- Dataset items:
· · · · ·

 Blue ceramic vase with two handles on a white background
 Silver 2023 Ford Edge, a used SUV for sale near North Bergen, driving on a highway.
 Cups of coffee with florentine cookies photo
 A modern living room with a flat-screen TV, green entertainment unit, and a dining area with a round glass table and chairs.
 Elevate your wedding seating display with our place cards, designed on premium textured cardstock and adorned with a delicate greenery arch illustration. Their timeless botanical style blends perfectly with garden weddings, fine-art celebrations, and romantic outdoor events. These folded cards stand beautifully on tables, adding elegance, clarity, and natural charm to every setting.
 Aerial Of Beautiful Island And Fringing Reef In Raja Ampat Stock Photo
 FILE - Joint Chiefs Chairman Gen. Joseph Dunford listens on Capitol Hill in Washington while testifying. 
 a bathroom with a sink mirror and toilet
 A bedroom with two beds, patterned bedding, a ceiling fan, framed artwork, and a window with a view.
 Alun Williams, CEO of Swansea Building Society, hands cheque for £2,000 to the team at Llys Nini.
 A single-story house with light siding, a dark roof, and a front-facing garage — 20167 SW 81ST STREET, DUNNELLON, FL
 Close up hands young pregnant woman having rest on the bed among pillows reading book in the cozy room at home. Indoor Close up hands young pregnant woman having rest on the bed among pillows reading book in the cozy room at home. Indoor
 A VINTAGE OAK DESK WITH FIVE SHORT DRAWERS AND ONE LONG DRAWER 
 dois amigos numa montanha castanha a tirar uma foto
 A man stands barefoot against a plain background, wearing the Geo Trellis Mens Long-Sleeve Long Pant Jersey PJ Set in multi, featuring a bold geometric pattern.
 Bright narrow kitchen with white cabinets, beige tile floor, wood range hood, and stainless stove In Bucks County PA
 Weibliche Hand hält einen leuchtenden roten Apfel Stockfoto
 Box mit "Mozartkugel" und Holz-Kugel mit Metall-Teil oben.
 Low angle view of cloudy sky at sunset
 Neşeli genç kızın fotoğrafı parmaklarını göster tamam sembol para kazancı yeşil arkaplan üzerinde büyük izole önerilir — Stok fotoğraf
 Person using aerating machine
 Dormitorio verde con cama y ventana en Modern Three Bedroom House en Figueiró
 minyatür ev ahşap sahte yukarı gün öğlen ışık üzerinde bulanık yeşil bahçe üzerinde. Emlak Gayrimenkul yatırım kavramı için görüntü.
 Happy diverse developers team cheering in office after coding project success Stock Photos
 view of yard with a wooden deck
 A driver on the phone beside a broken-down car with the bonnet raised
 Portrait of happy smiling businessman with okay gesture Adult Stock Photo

· · · · ·

Please copy the data above in its entirety, exactly as written.

- Task response:
 Blue ceramic vase with two handles on a white background
 Silver 2023 Ford Edge, a used SUV for sale near North Bergen, driving on a highway.
 Cups of coffee with florentine cookies photo
 A modern living room with a flat-screen TV, green entertainment unit, and a dining area with a round glass table and chairs.
 Elevate your wedding seating display with our place cards, designed on premium textured cardstock and adorned with a delicate greenery arch illustration. Their timeless botanical style blends perfectly with garden weddings, fine-art celebrations, and romantic outdoor events. These folded cards stand beautifully on tables, adding elegance, clarity, and natural charm to every setting.
 Aerial Of Beautiful Island And Fringing Reef In Raja Ampat Stock Photo
 FILE - Joint Chiefs Chairman Gen. Joseph Dunford listens on Capitol Hill in Washington while testifying. 
 a bathroom with a sink mirror and toilet
 A bedroom with two beds, patterned bedding, a ceiling fan, framed artwork, and a window with a view.
 Alun Williams, CEO of Swansea Building Society, hands cheque for £2,000 to the team at Llys Nini.
 A single-story house with light siding, a dark roof, and a front-facing garage — 20167 SW 81ST STREET, DUNNELLON, FL
 Close up hands young pregnant woman having rest on the bed among pillows reading book in the cozy room at home. Indoor Close up hands young pregnant woman having rest on the bed among pillows reading book in the cozy room at home. Indoor
 A VINTAGE OAK DESK WITH FIVE SHORT DRAWERS AND ONE LONG DRAWER 
 dois amigos numa montanha castanha a tirar uma foto
 A man stands barefoot against a plain background, wearing the Geo Trellis Mens Long-Sleeve Long Pant Jersey PJ Set in multi, featuring a bold geometric pattern.
 Bright narrow kitchen with white cabinets, beige tile floor, wood range hood, and stainless stove In Bucks County PA
 Weibliche Hand hält einen leuchtenden roten Apfel Stockfoto
 Box mit "Mozartkugel" und Holz-Kugel mit Metall-Teil oben.
 Low angle view of cloudy sky at sunset
 Neşeli genç kızın fotoğrafı parmaklarını göster tamam sembol para kazancı yeşil arkaplan üzerinde büyük izole önerilir — Stok fotoğraf
 Person using aerating machine
 Dormitorio verde con cama y ventana en Modern Three Bedroom House en Figueiró
 minyatür ev ahşap sahte yukarı gün öğlen ışık üzerinde bulanık yeşil bahçe üzerinde. Emlak Gayrimenkul yatırım kavramı için görüntü.
 Happy diverse developers team cheering in office after coding project success Stock Photos
 view of yard with a wooden deck
 A driver on the phone beside a broken-down car with the bonnet raised
 Portrait of happy smiling businessman with okay gesture Adult Stock Photo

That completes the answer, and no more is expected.